In: Nursing
A client has been prescribed timolol eye drops. What are three (3) possible adverse effects of this medication and nursing interventions/client education related to these effects? Why would a client have timolol eye drops prescribed? Write the steps on "Administering eye drops" from the beginning including washing hands.
What are the classification and Therapeutic Drug Levels of the following
Aminophyllin
Carbamazephine
Digoxin
Gentamycin
Lidocaine
Magnesium Sulfate
Phenobarbital
Phenytoin
Salicyate
Theophyllin
Tobramycin
What is a peak and Trough levels
1) Timolo eye drops are used to reduce intraocular pressure by decreasing sympathetic impulses and decreasing aqueous humor production without affecting accomadation or pupil size.These medication are used to treat glaucoma.
Adverse effects are:Ocular irritation
Visual disturbances
Bradycardia
Hypotension
Bronchospasm
Interventions: a. Monitor vital signs especially blood pressure and pulse.
b. Monitor shortness of breath
c. Assess for risk of injry
d. Monitor intake and output
e.Instruct the client to notify the HCP if shortness of breath occurs
f.Instruct the client not to discontinue the medication abruptly.
g. Instruct the client to change the postion slowly because of potential for orthostatic hypotension.
Steps on administering eye drops:
a. Wash hands
b. Put gloves on.
c.Check the name ,strength ,amd expiry date of the medication
d.Instruct the client to tilt the head backward,open the eyes, and look up
e.Pul the lower eye lid down aganist the cheek bone
f. Hold the bottle like a pencil with thw tip upward
g. Holding the bottle gently rest the wrist of the hand on the clients cheek
h.Squeeze the bottle gently to allow the drop to fall on the conjuctival sac
i. Instruct the client to close the eyes gently and not to squeeze the eye shut
j,Wait 3 to 5 minutes before instilling the another eye drops.
k.Do not allow the medication bottle ,dropper to ccome in contact withe eyelid .
l.To prevent systemic absorption of the medication apply gentle pressure with a clean tissue to the client nasolacrimal duct for 30 to 60 seconds.
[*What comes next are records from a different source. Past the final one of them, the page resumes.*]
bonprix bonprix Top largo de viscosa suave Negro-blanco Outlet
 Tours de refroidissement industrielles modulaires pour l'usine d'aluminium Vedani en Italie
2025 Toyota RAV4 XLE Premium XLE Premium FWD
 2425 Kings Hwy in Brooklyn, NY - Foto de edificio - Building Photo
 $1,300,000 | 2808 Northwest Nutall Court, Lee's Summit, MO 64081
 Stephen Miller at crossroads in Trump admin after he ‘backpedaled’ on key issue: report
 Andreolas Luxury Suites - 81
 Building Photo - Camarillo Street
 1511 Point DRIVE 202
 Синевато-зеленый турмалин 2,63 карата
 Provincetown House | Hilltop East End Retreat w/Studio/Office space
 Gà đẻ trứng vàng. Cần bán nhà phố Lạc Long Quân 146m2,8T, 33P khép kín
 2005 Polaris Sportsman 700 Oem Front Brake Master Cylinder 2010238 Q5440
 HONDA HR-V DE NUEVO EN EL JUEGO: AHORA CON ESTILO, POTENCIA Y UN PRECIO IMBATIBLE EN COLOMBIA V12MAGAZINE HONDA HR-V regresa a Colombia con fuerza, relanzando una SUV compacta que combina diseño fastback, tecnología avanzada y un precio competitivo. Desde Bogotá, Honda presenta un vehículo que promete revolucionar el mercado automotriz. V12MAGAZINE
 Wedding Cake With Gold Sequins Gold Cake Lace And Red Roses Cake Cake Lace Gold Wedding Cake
2) Classification and therapeutic drug levels:
A. Aminophyllin:Classification is Methylxanthine
Therapeutic level:10 to 20 mcg/ml
B.Carbamazephine:Classification:Anticonvulsants
Therapeutic level:4 to 12 mcg/ml
C.Digoxin:Classification: Cardiac glycosides
Therapeutic level:0.5 to 2ng/ml
D.Gentamycin: classification:Aminoglycoside antibiotic
Therapeutic level:0.5 to 2 microgram/ml trough level
5 to 10 microgram/ml peak level
E.Lidocaine: classification:Local anesthetics
Therapeutic level:1.5 to 5 mcg/ml
F.Magnesium sulfate:Classification:Anticonvulsants,cardiovascular drugs
Therapeutic level:3.5 to 7 mEq/l
GPhenobarbital:Classification:Barbiturate anticonvulsants
Therapeutic level:15 to 40 mcg/ml
H. Phenytoin:ClassificationAnticonvulsants:
Therapeutic level:10 to 20 mcg/ml
I .Salicyate:Classification:Aspirin
Therapeutic level:15 to 30 mg/dl
J Theophyllin:Classification:Methylxanthines
Therapeutic level:5 to 15 mcg/ml
K. Tobramycin:Classification:Aminoglycoside antibiotics
Therapeutic level:4 to 6 mcg/ml
3) Peak level:It is defined as the excessive drug congregation in the clients blood stream and th trough level just opposite of peak level that is Lowest drug concentration.